よろづ~は昨日届いたので嬉々として読み返したが、やはり跨線橋の描写がきっちり想像できず終わった。図解だと跨線橋は屋根や壁のある通路のようなもので、車窓から見えるようなものではないのだが、作品内ではまるで平均台を走っているかのような描写に見える。だから架線と見間違えてしまう。単に私の想像力の欠落によるものだろうな。話自体は非常に萌えるのでぜひ。
吉本ばなな『ミトンとふびん』
なにより表紙の色の移ろいが非常に好みで買った。よしもとばなな時代の作品を大学の図書室で読んだ。高校生の現代文で『みどりのゆび』を読んでから(数か月前、ラテさんから原作となったモーリス・ドリュオン作『みどりのゆび』の存在を教えてもらい読んで暗い気持ちになった)なんとなく存在を知っていたものの、たまたま大学時代に二次創作サイト(落乱)の管理人さんが「『デッドエンドの思い出』に収録されている『幽霊の家』が非常に良かった」という日記を残していて興味本位で買って読んだ。それがもう本当に良くて、表紙から完璧に私好みで、枯葉の綺麗な赤と黄色が舞うデザインで惚れ直した。収録されていた『幽霊の家』と『デッドエンドの思い出』だけ良くて、それだけ何度も読み直し実家を出る時も持ってきた。他の話は覚えていないが後味悪かったり怖いをした記憶があるので読み返していない。
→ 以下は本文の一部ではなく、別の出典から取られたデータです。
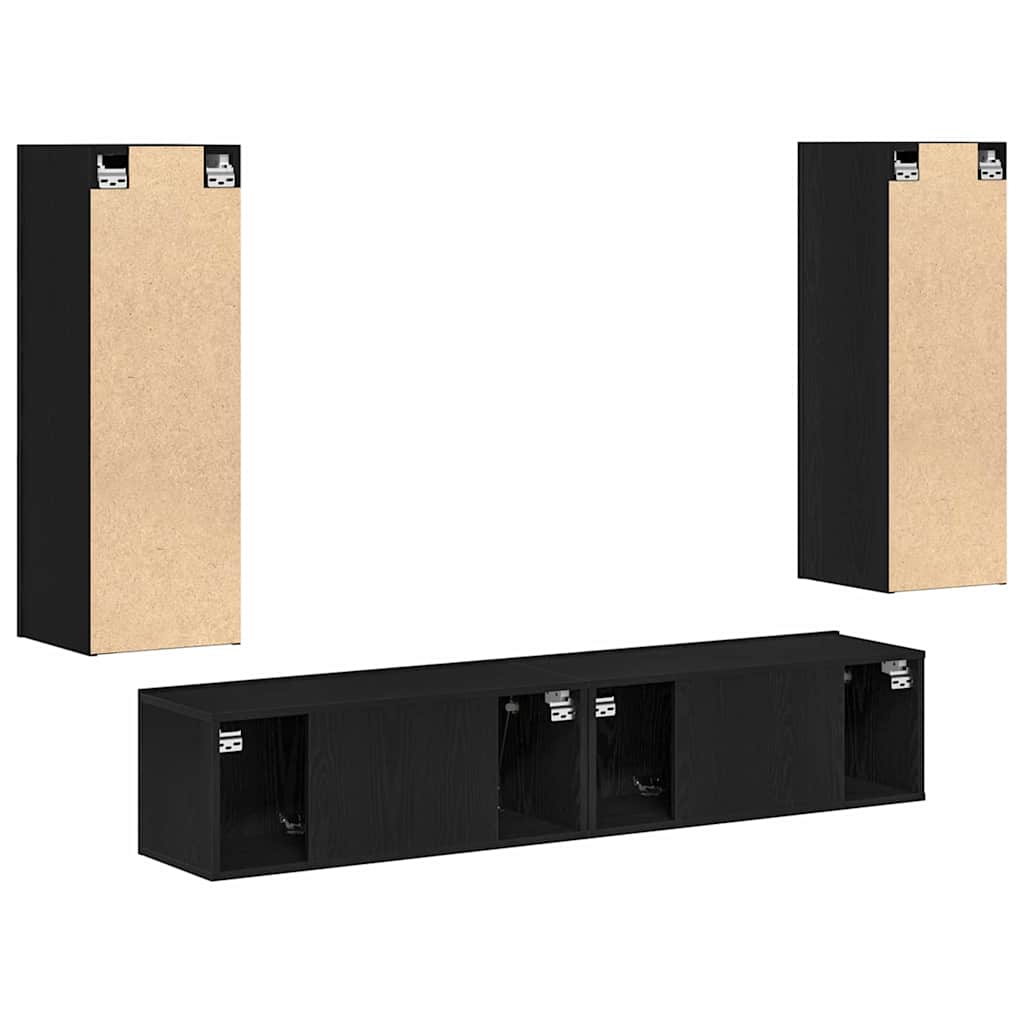 4 Piece TV Cabinet Set - Wall-mounted Black Oak Engineered Wood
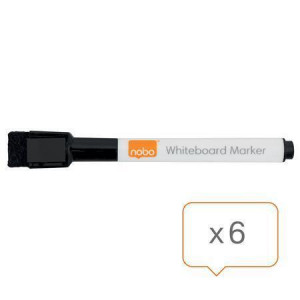 Popisovač na tabule a flip chart, černá, 2 mm, kuželový hrot, s magnetickým víčkem, 6 ks, NOBO 21041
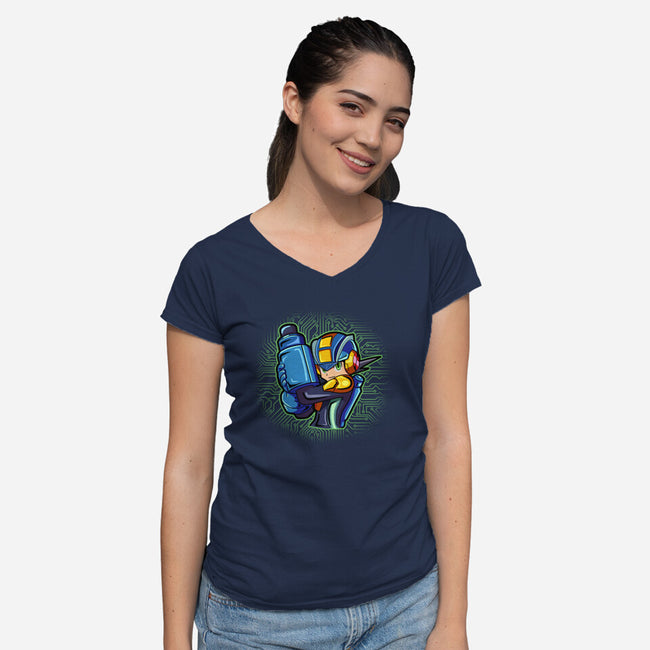 Cyber Warrior-Womens-V-Neck-Tee-nickzzarto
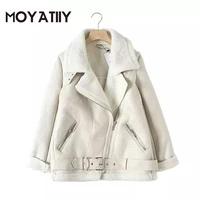 moyatiiy fashion women motorcycle jacket winter thick warm leather jackets coats creative large turn collar overcoats with zip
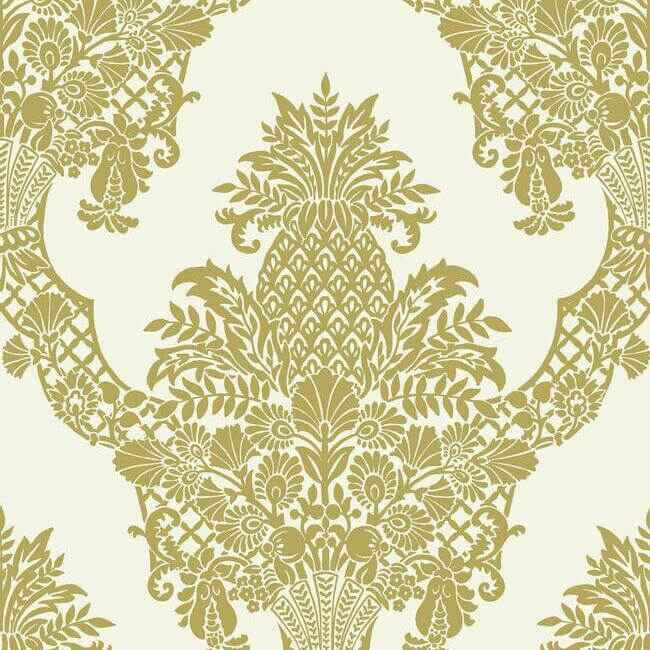 Pineapple Plantation Gold Wallpaper - York Wallcoverings - DM4971 - York Wallcoverings Wallpaper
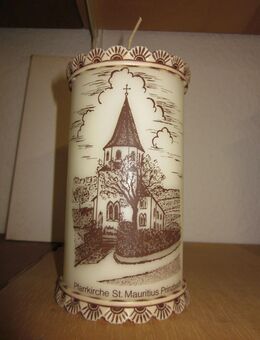 Biberach-Prinzbach Kirche St. Mauritius - Zierkerze mit Wachsborde - Siebdruck- - Mahlberg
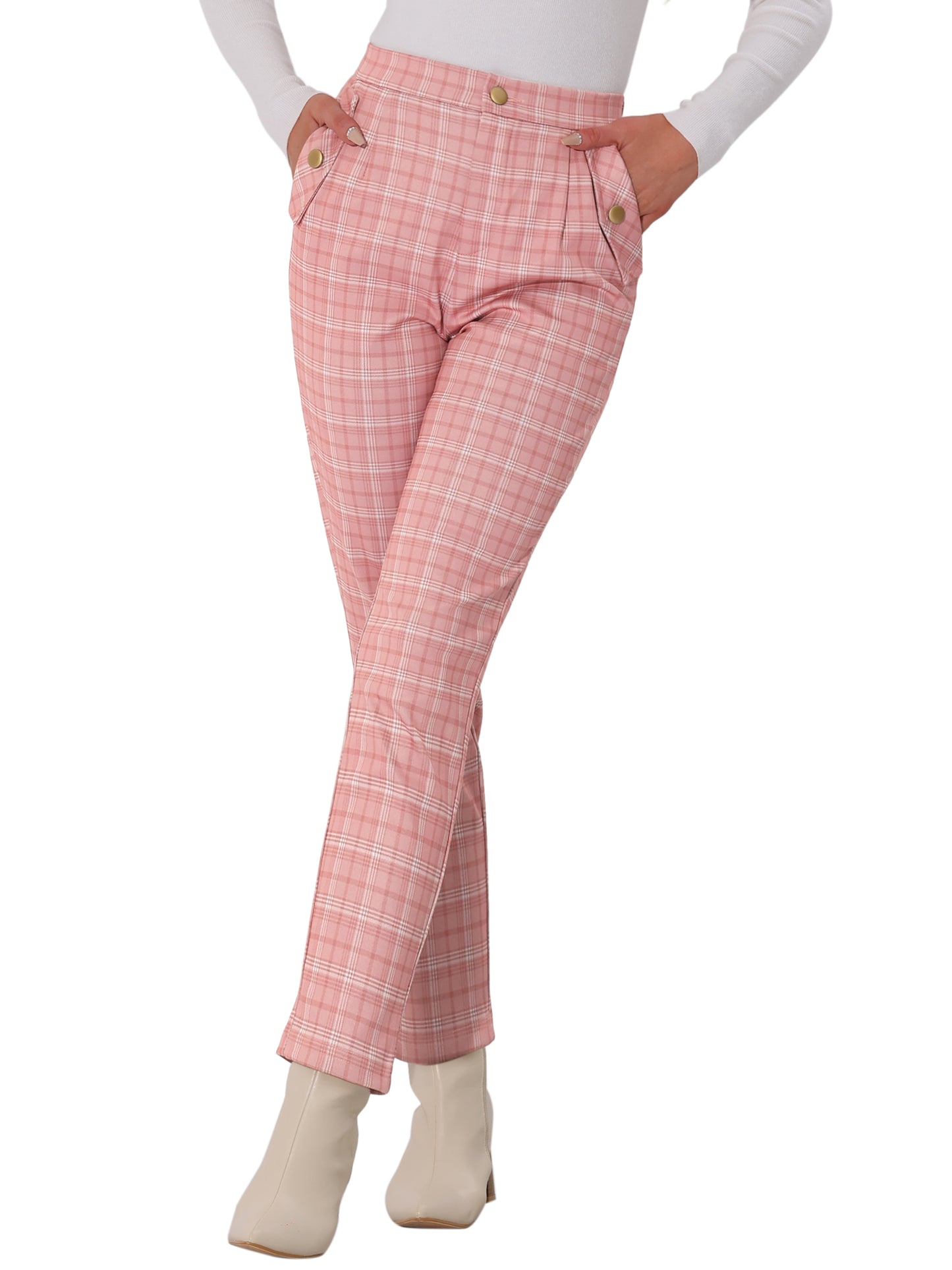 Women's Retro Tartan Plaid Pants Elastic Waist Straight Long Trousers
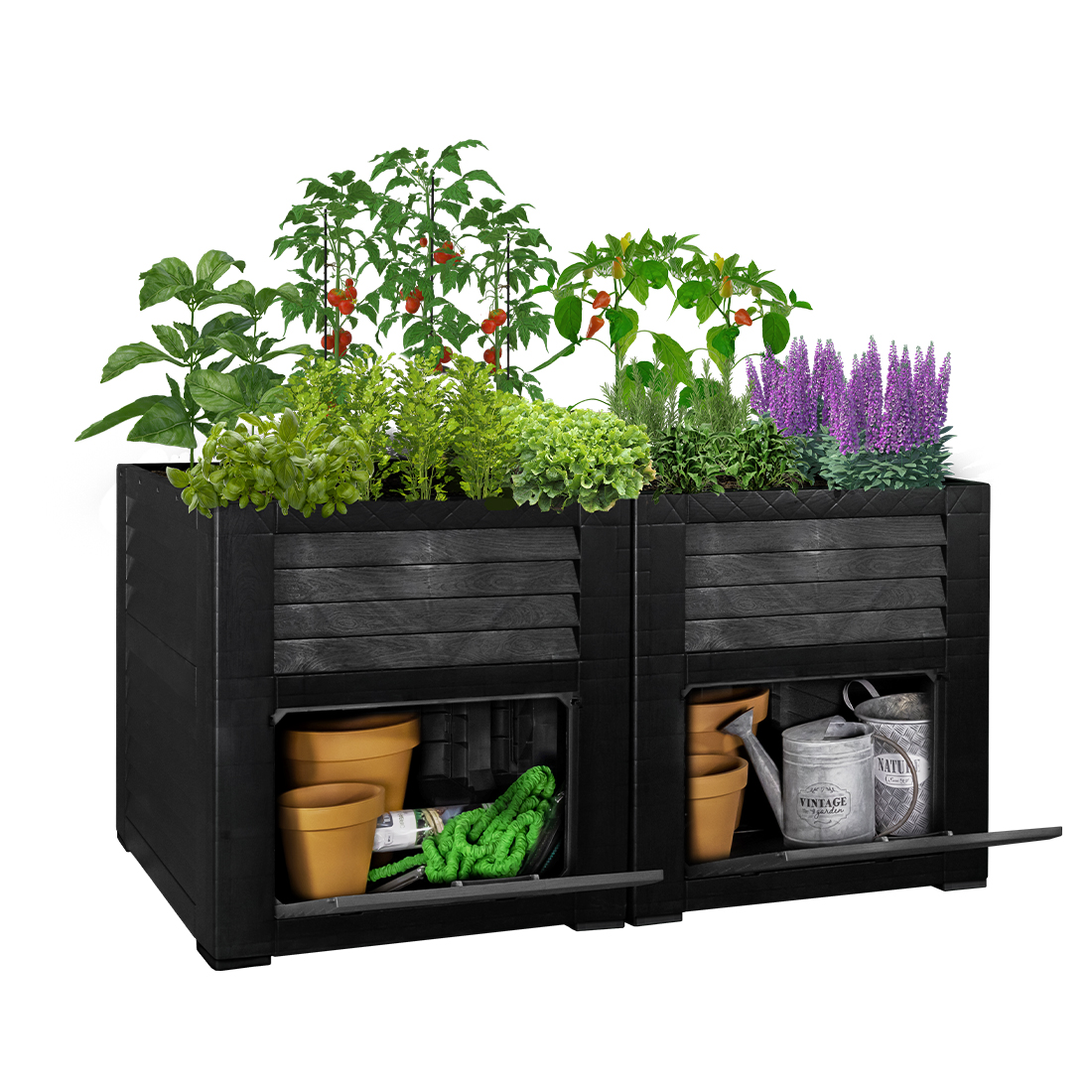 FS-STAR Garten Hochbeet 400 Liter, mit Staufächer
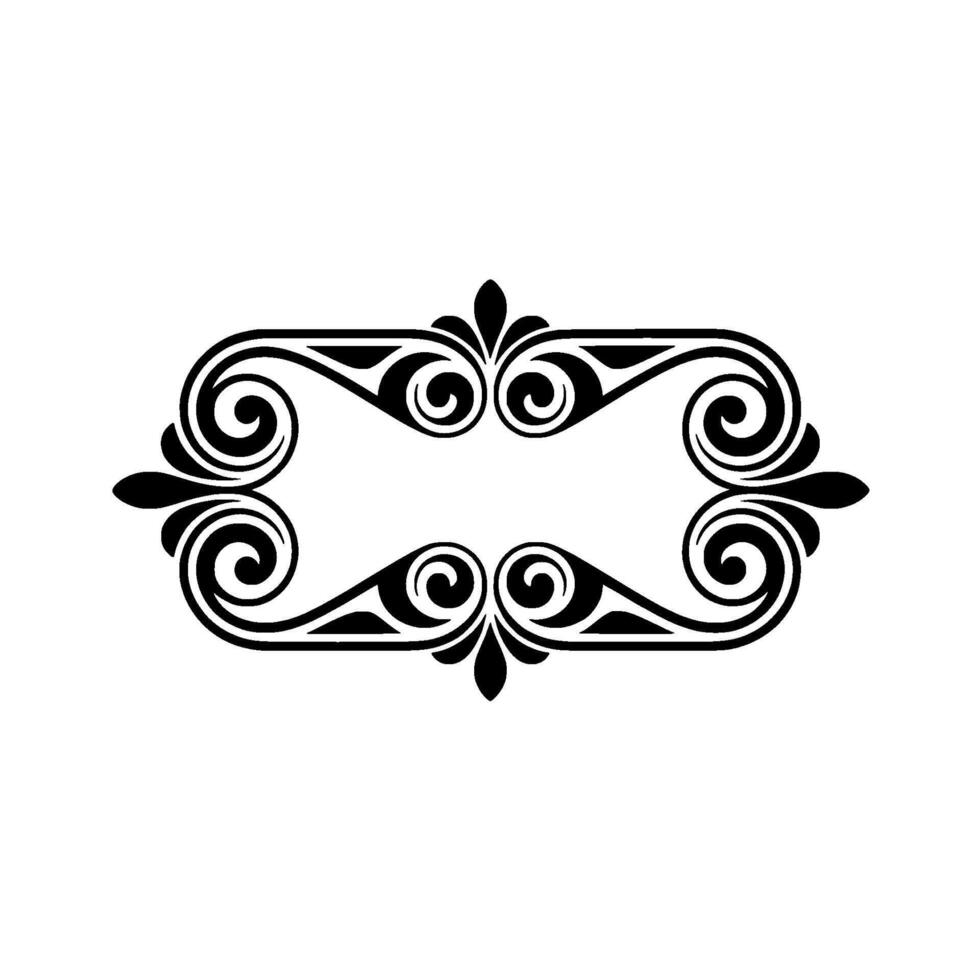Elegant Ornate Black Frame with Scrolls and Decorative Elements. vector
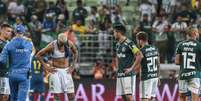 Jogadores do Palmeiras se mostram desolados após a eliminação para o Boca Juniors na Copa Libertadores da América 2018  Foto: ALE CABRAL / Estadão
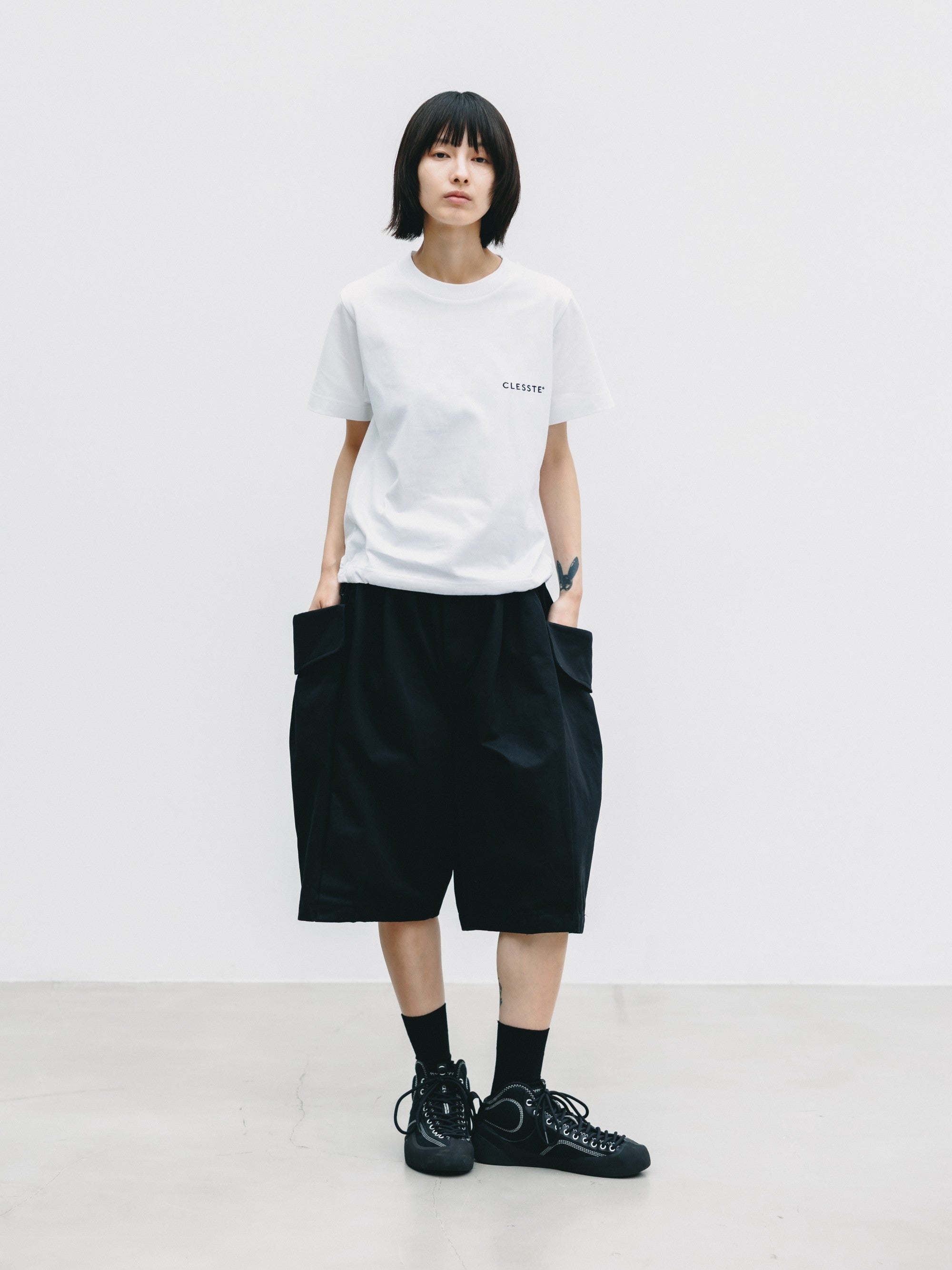 パンツ CLESSTE BALLOON CARGO HALF PANTS FLAP WIDE BALLOON HALF PANTS (BLACK)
で、久しぶりの吉本ばななを読み、うっかり泣いてしまった。寝る前と、出社中の満員電車でほろりと来て焦った。表紙の美しさとそれぞれの都市での話ということで旅行欲が増すかもという意気込みで読んだが、それ以上に作中に共通する母親の死が強すぎてうろたえた。でももれなく力を貰えるのでぜひ。ばなな著特有のうっかりな主人公と優しい周囲たちが動いている。作中の『夢の中』はしおさんを勝手に思い浮かべていた。つい最近金沢に行かれていたからというのもあるけれど、作中主人公の意志の強さが私にはしおさんに見えた。作者の作品を読んでいると、時たま「この主人公は友人nに似ている」となる。合っているかは別として、それを私は楽しんでもいる。
『情け嶋』で八丈島に思いを馳せ、飛行機代を調べまでした。明日葉という単語はリングフィットをプレイ中に食材の一つとして出てきたが、私はずっと「アスハ」「アスバ」と読んでいた。こういう葉っぱがあるんだな~。八丈島にあるアスハラーメンを食べてみたいし、アスハのおひたしや天ぷらも食べたいと他の感想の情緒をそっちのけで思っていた。読了したのが一昨日の金曜日で、昨日土曜日、近所の八百屋へ行って「あした葉 150円」という立札を見て目を見開いた。まさに見た目が野草、アシタバ、明日葉、はあ、なるほど、あしたば……?え……?少し迷って一束買った。そしておひたしにした。茎は苦いが葉は美味しい。アシタ・バなのか……。アシタバという言葉は以前から知っていたがアシ・タバ、ようは葦束だと思っていた。誰がアシタ・バって区切ると思うよ。もののけ姫のアシタカだってアシ・タカって漢字は区切るんじゃないの。アシタ・カなの?今日はサミットとマルエツに寄って明日葉を探したがなかった。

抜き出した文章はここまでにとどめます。